Work task:
Restate all of the following data exactly, keeping any images out of the copy.

Supplied material:
---------------

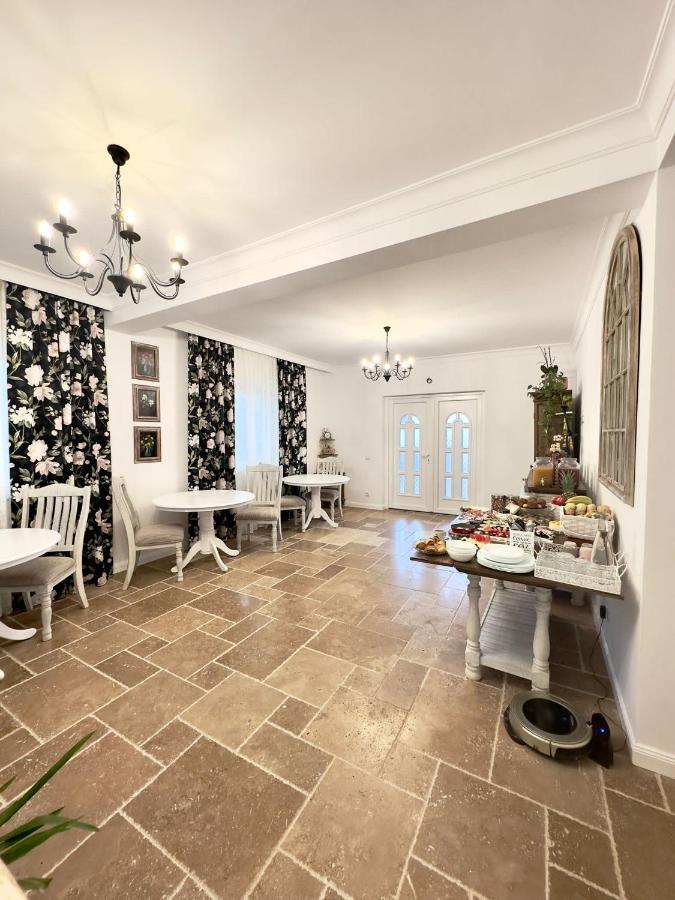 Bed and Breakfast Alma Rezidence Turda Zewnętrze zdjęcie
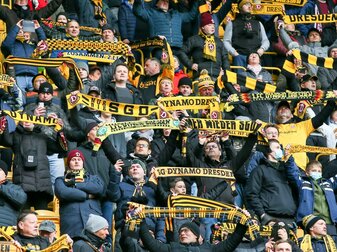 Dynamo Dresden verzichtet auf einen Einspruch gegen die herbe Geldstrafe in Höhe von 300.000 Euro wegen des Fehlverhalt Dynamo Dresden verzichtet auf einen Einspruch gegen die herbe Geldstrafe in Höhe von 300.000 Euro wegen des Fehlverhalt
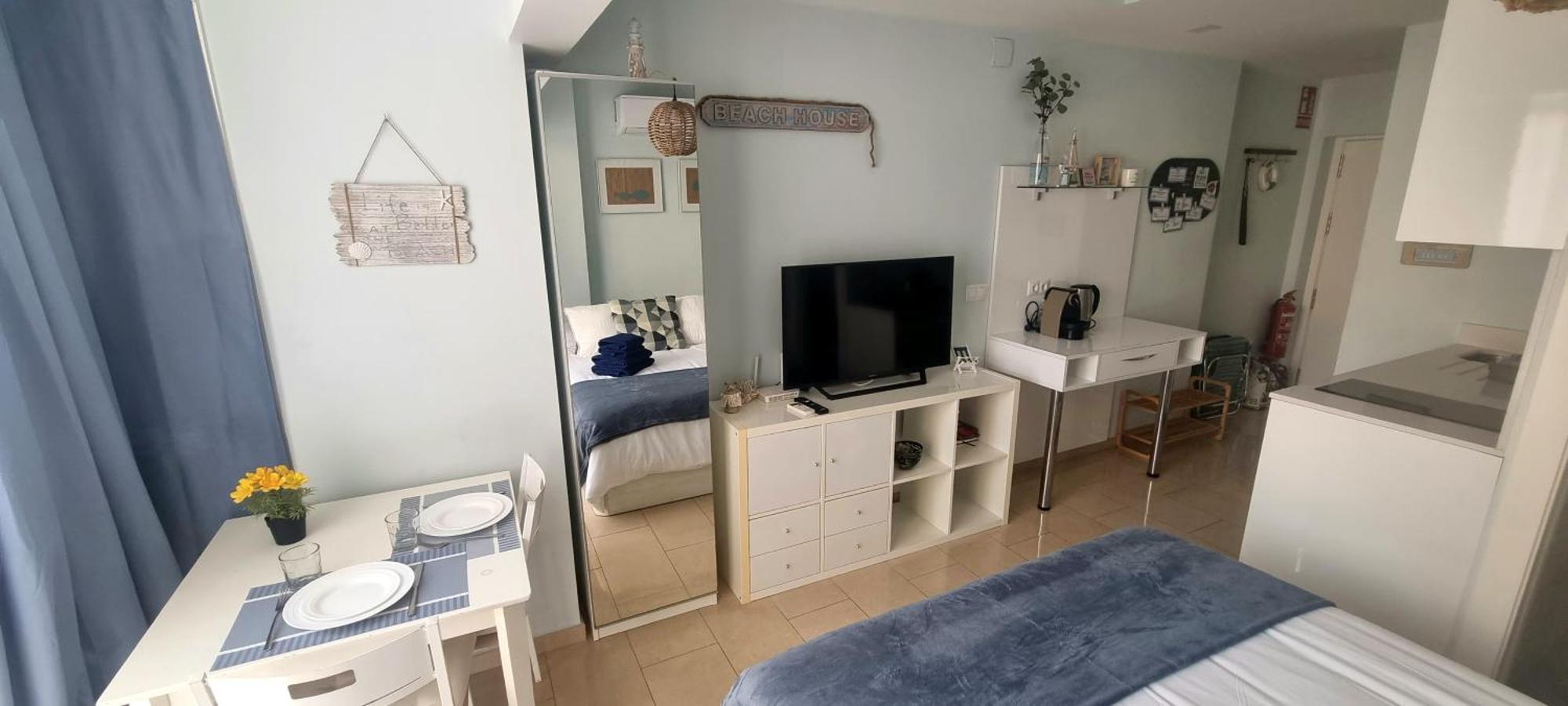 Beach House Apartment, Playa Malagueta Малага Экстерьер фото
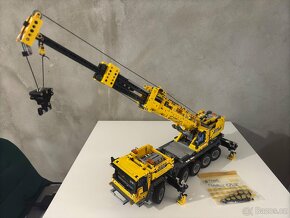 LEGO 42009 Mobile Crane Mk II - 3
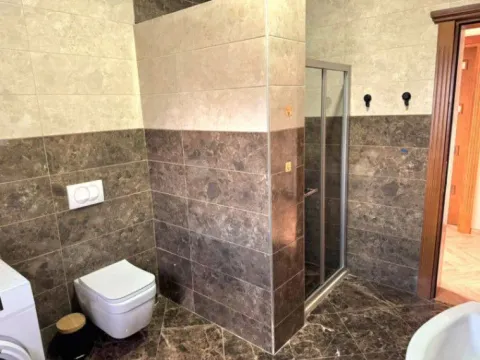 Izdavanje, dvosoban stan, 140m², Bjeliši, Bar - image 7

---------------

Response to the task:
 Bed and Breakfast Alma Rezidence Turda Zewnętrze zdjęcie
 Dynamo Dresden verzichtet auf einen Einspruch gegen die herbe Geldstrafe in Höhe von 300.000 Euro wegen des Fehlverhalt Dynamo Dresden verzichtet auf einen Einspruch gegen die herbe Geldstrafe in Höhe von 300.000 Euro wegen des Fehlverhalt
 Beach House Apartment, Playa Malagueta Малага Экстерьер фото
 LEGO 42009 Mobile Crane Mk II - 3
 Izdavanje, dvosoban stan, 140m², Bjeliši, Bar - image 7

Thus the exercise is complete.